Beyond Surgery: Enabling Physical AI Across Domains

Although our motivation was surgical intelligence, this operator is broadly relevant to anyone building real-time systems that depend on: - High-bandwidth sensor ingest - Deterministic timing - GPU-first processing - Low-latency visualisation or control loops - Multi-operator Holoscan graphs - Digital twins or robotics workflows - Edge compute on Jetson Orin or Thor

Applications include: - Industrial robotics and teleoperation - Remote inspection and maintenance systems - Live-media processing and virtual production - Autonomous drones and aerial imaging - High-fidelity simulation or digital twin systems - Real-time environmental or scientific instrumentation The goal is to provide a practical reference implementation for ST 2110 ingest on Holoscan that others can adapt to their domain-specific needs.

Conclusion

This first deployment demonstrated that Holoscan, Jetson AGX Thor, and a carefully engineered ST 2110 pipeline can deliver real-time performance in one of the most demanding environments possible.
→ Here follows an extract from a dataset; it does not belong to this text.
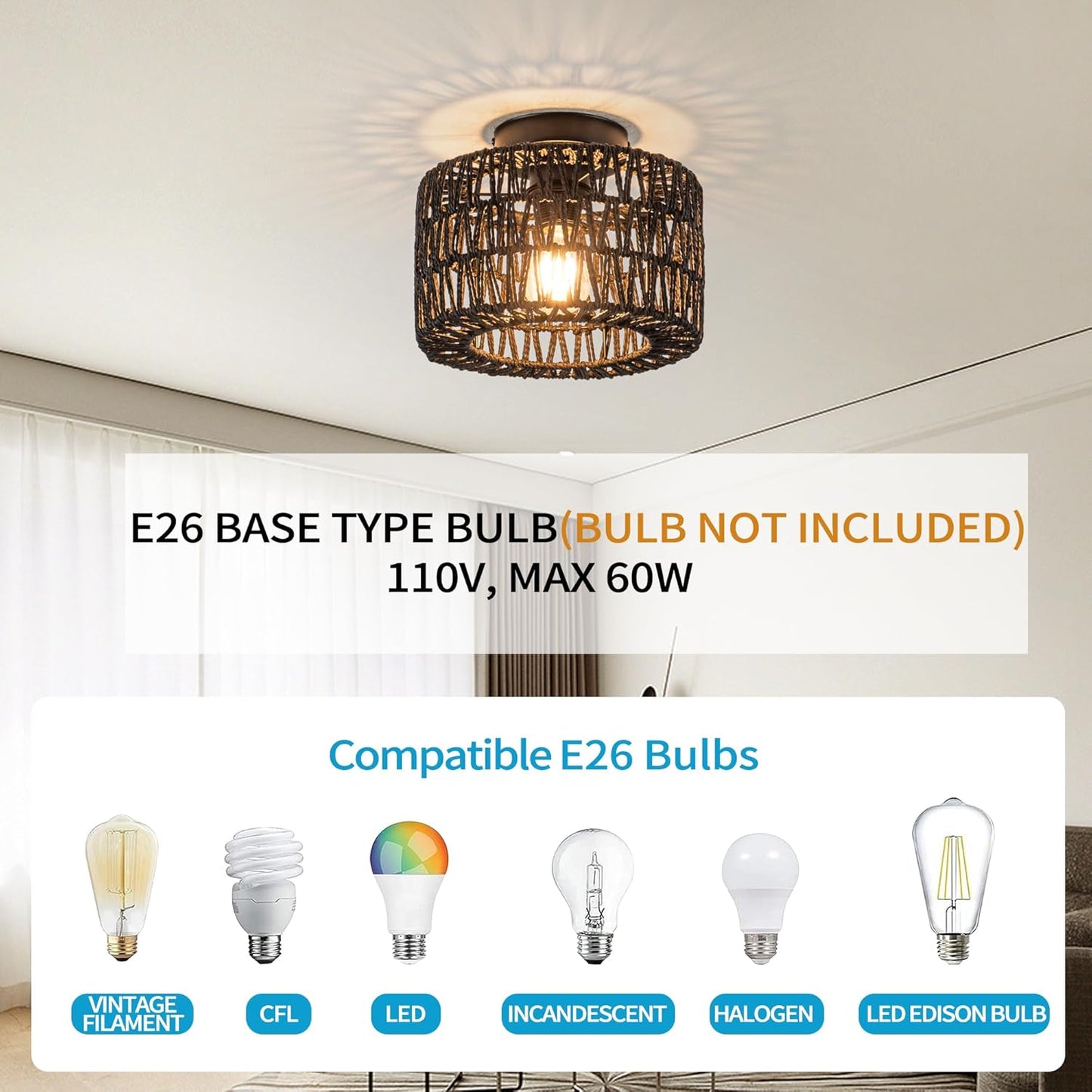 Bohemian Rattan Ceiling Light Fixture - 3-Light Woven Flush Mount for Bedroom & Living Room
The operator serves as a foundation for systems that rely on high-fidelity video as a primary signal, whether for perception, decision-making, or control.

By contributing this operator to HoloHub, we hope to support the wider developer community in building the next generation of Physical AI applications, from intelligent surgical systems to advanced robotics, simulation, and live-media workflows. Real-time intelligence begins with reliable, high-quality sensor ingest, and we are excited to see how others will build upon this foundation.